Output all of the data below without changing a word, and exclude the pictures.

[Stored dataset items]
☆ ☆ ☆ ☆ ☆ ☆ ☆
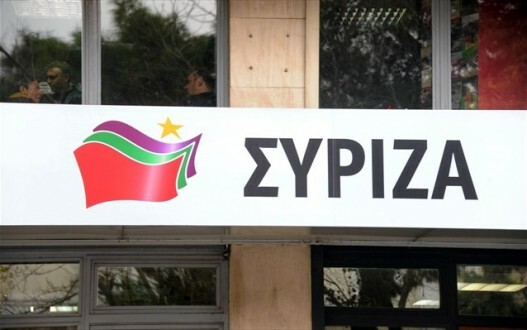 Πολιτική γραμματεία ΣΥΡΙΖΑ: ΌΧΙ στα τελεσίγραφα των δανειστών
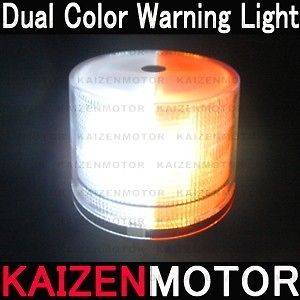 Dual Color Emergency Van Caution Warning Strobe Xenon Light Kit Flash 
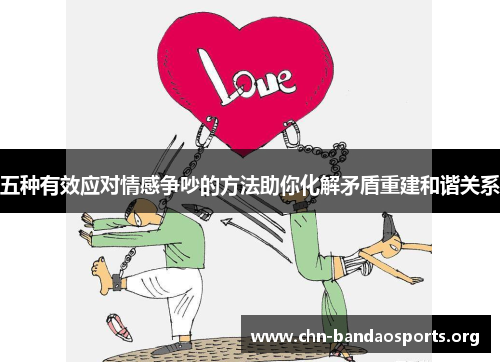 五种有效应对情感争吵的方法助你化解矛盾重建和谐关系 五种有效应对情感争吵的方法助你化解矛盾重建和谐关系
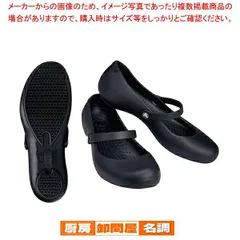 2025年最新】クロックス アリスの人気アイテム - メルカリ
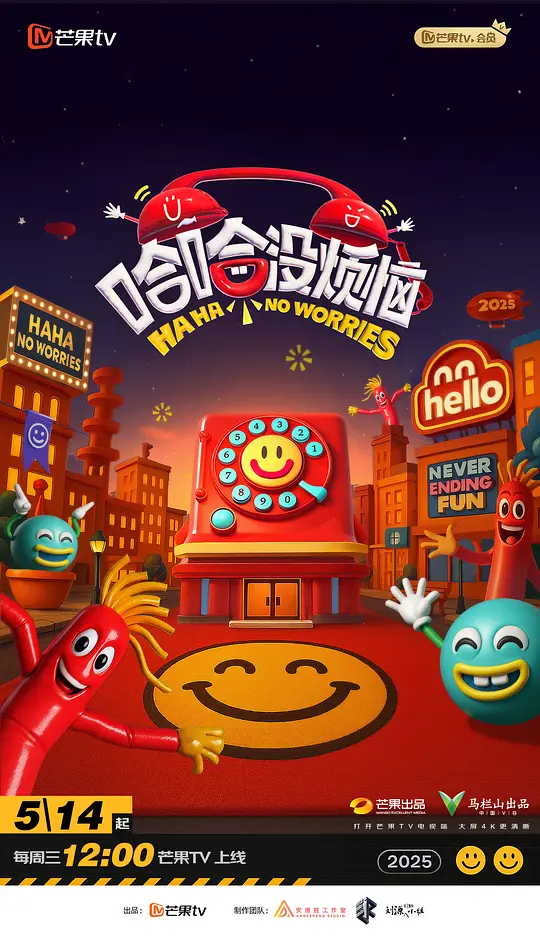 《哈哈没烦恼》全集在线观看与下载推荐（2025最新综艺）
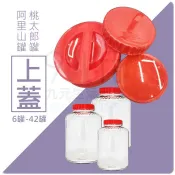 【九元】桃太郎罐上蓋 阿里山罐上蓋 6罐 9罐 12罐 15罐 20罐 25罐 32罐 36罐 42罐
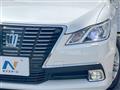 2013 Toyota Crown Hybrid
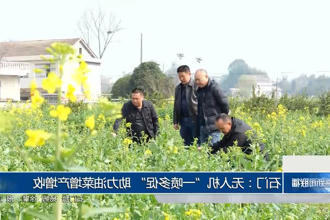 石门：无人机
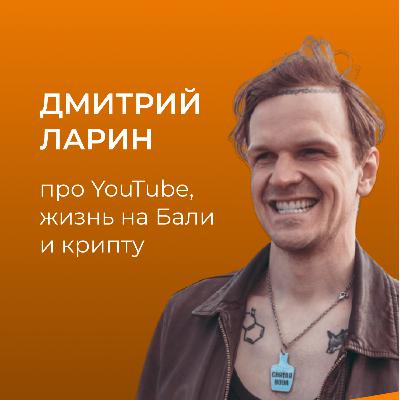 Дмитрий Ларин | Про YouTube, что было до, про жизнь на Бали и криптовалюту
☆ ☆ ☆ ☆ ☆ ☆ ☆
EXERCISE OUTPUT —
 Πολιτική γραμματεία ΣΥΡΙΖΑ: ΌΧΙ στα τελεσίγραφα των δανειστών
 Dual Color Emergency Van Caution Warning Strobe Xenon Light Kit Flash 
 五种有效应对情感争吵的方法助你化解矛盾重建和谐关系 五种有效应对情感争吵的方法助你化解矛盾重建和谐关系
 2025年最新】クロックス アリスの人気アイテム - メルカリ
 《哈哈没烦恼》全集在线观看与下载推荐（2025最新综艺）
 【九元】桃太郎罐上蓋 阿里山罐上蓋 6罐 9罐 12罐 15罐 20罐 25罐 32罐 36罐 42罐
 2013 Toyota Crown Hybrid
 石门：无人机
 Дмитрий Ларин | Про YouTube, что было до, про жизнь на Бали и криптовалюту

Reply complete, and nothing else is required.